Since 1995 I have been blessed to serve as retreat director for gatherings of deacons and their wives, deacon candidates and their wives, priests and even bishops. These have ranged from annual retreats, canonical retreats prior to ordination, anniversary retreats and so on. It has always been such a wonderful experience: the sessions themselves, the quiet conversations, meal times, the socials, and most especially, the time for prayer.
There have been unusual moments, too! Like the time I discovered that one of the men who would be on retreat was an old high school seminary classmate whom I hadn’t seen since 1967 when we graduated! It was hard not to look out at him and think, “What a road we have all been on, and we could never have imagined that we would be together again all these years later as deacons.” Since that experience a few years ago, several more similar encounters with former seminary classmates have taken place: always a humbling experience!
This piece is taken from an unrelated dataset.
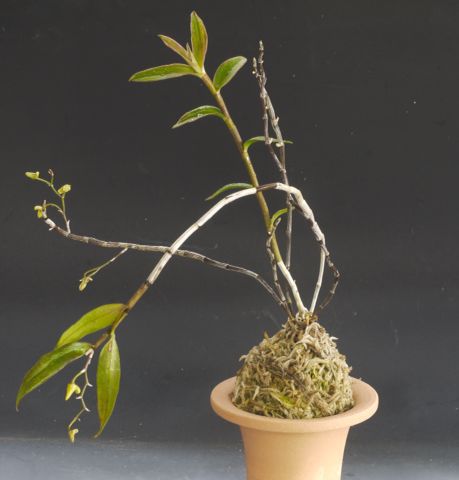商品詳細｜布木の里 花信｜古典植物・山野草の専門店 フラワー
In a similar experience, I remember the first public academic lecture I was asked to give at the Catholic University of America after I received my Ph.D. there. The topic of the lecture concerned ecclesiology and catechesis, and the audience was full of my former professors, mentors and advisors: now they were there to hear what I had to say as a colleague. As a retired Navy officer who frequently briefed senior military and government officials and did all sorts of other challenging things at sea and ashore, I don’t think any of those experiences were any more frightening that preparing for that lecture and looking out at those particular people who had taught and inspired me so much.
It was with those thoughts in mind that I came across the following images of Pope Francis arriving for the Lenten Retreat for the senior curia this year. Smiling broadly as he steps off the bus from Rome, the pope seems happy to be away from the city, and one can only wonder what books he has brought with him in his briefcase!
The retreat director is a parish priest from Rome, Msgr. Angelo De Donatis. Imagine looking out at the community of retreatants and seeing the humble figure in white listening to your every word!
The pope definitely came to be on retreat. It is significant to see that he is wearing the papal cassock without the pellegrina, the short cape usually worn over the cassock. It was widely reported after Pope-emeritus Benedict went into retirement that he would no longer wear the pellegrina; it is a sign of the jurisdictional authority of the bishop, and the pope-emeritus wanted it to be clear to everyone that he no longer exercises papal jurisdiction. In this case, it seems safe to say that Pope Francis has come with an attitude of leaving the burdens of the papal office behind him for a few days so that he can re-charge his spiritual batteries while on retreat (Now before anyone takes offense by my comments: no one, and certainly not me, is suggesting that he is no longer exercising papal jurisdictional authority while he’s on retreat! Of course he is the pope and continues to be while he’s on retreat! I’m simply suggesting a kind of spiritual attitude that focuses at this time more on spiritual renewal than on papal authority.)
The Pope has also arranged this retreat away from the Vatican, in order to help the retreatants leave their own familiar environs behind. He and the curia will be on retreat from March 9-14 at the Pauline Fathers’ retreat and conference center in Ariccia, a small medieval town not far from the papal summer residence of Castel Gandolfo.
May we also find creative ways of retreating during Lent. Most of us may not be able to go off to a nice retreat location, but how might be walk a similar path nonetheless? Perhaps we can find ways to rearrange our work schedules a bit; maybe we take a lunch break and make a quiet visit to the Blessed Sacrament at a nearby church. Perhaps instead of going for that extra cup of coffee, we take that time and say a quiet decade of the rosary. Certainly our parishes offer opportunities as well: go to Confession, make the Stations of the Cross, sit quietly in prayer, take advantage of Lenten speakers or days of recollection. The benefits of finding a way to “retreat” are incalculable. The Pope himself said a few days ago that persons who can be on retreat “experience the attraction and fascination of God and return renewed and transfigured in their daily lives, their ministry and their relationships.” Even if we can’t go on a five-day directed retreat in a beautiful medieval town by a lake, perhaps we can break up our normal routine enough to open ourselves to this transfiguration during Lent.
And, forget the elderly man in white sitting next to you!